BEGIN

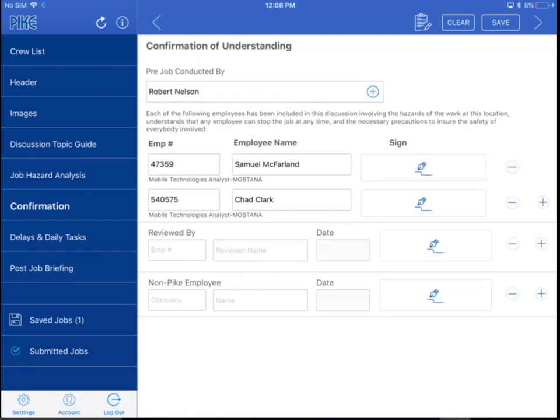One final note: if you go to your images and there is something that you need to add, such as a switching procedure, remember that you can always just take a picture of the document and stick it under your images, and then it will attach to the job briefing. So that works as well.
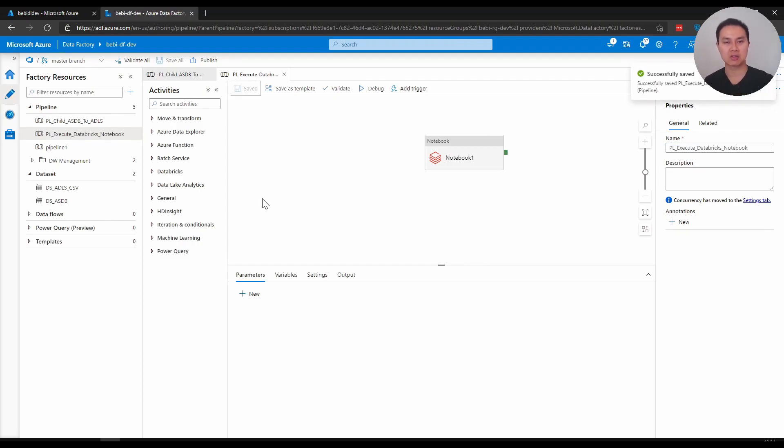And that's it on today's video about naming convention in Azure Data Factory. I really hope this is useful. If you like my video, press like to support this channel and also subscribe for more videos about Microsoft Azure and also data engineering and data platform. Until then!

END
BEGIN

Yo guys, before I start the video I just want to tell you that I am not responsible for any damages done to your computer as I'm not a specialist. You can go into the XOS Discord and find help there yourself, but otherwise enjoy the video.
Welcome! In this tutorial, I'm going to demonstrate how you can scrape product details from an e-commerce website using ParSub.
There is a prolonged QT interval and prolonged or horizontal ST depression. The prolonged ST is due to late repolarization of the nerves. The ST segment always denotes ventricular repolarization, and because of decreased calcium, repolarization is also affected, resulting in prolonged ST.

END

(WHAT YOU NEED TO DO): Keep both end lines and retype everything in the records above from the line containing "Welcome! In this" through the line containing "There is a prolonged", exactly, with nothing else.

(OUTPUT OF THE TASK):
Welcome! In this tutorial, I'm going to demonstrate how you can scrape product details from an e-commerce website using ParSub.
There is a prolonged QT interval and prolonged or horizontal ST depression. The prolonged ST is due to late repolarization of the nerves. The ST segment always denotes ventricular repolarization, and because of decreased calcium, repolarization is also affected, resulting in prolonged ST.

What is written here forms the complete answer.